SUPPLIED RECORDS:
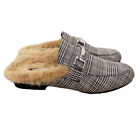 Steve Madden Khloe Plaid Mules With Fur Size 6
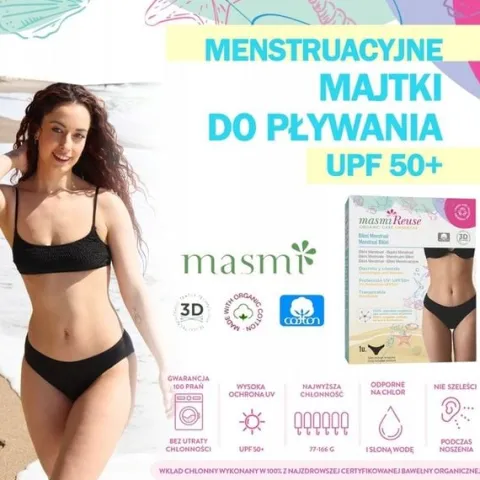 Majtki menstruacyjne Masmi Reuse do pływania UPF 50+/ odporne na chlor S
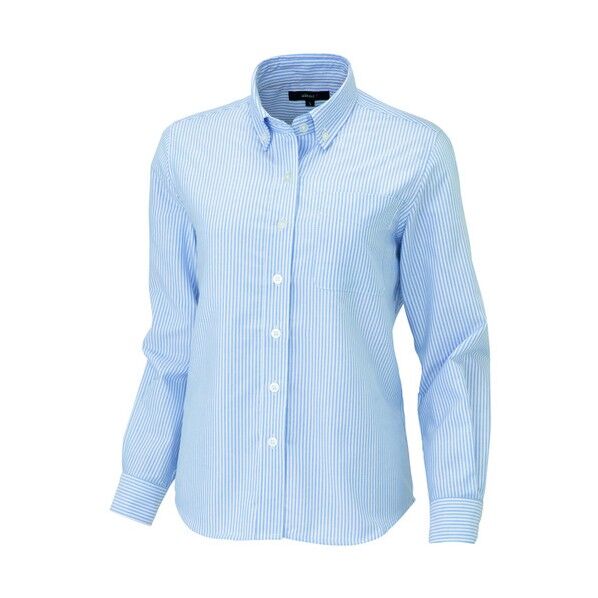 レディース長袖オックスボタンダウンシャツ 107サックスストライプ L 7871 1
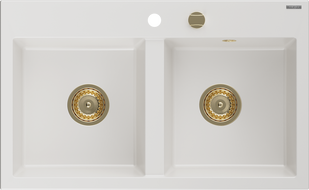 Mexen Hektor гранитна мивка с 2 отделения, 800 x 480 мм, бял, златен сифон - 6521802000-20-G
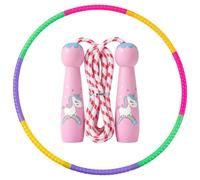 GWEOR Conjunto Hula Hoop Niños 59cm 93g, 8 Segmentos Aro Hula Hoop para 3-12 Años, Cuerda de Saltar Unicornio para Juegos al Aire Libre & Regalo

...

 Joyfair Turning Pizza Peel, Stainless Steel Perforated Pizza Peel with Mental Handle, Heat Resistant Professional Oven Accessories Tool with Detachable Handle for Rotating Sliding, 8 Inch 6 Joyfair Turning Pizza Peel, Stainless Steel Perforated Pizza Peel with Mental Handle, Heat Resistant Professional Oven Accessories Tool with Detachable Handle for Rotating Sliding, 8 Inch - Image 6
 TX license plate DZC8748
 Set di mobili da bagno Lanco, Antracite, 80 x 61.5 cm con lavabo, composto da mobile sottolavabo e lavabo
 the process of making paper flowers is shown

PROBLEM REQUIREMENTS:
Look above for the line with "レディース長袖オックスボタンダウンシャツ 107サックスストライプ L 7871 1" and the line with "GWEOR Conjunto Hula", then restate exactly those two lines and all lines between them, with no pictures.

ANSWER FOR THIS EXERCISE:
 レディース長袖オックスボタンダウンシャツ 107サックスストライプ L 7871 1
 Mexen Hektor гранитна мивка с 2 отделения, 800 x 480 мм, бял, златен сифон - 6521802000-20-G
 GWEOR Conjunto Hula Hoop Niños 59cm 93g, 8 Segmentos Aro Hula Hoop para 3-12 Años, Cuerda de Saltar Unicornio para Juegos al Aire Libre & Regalo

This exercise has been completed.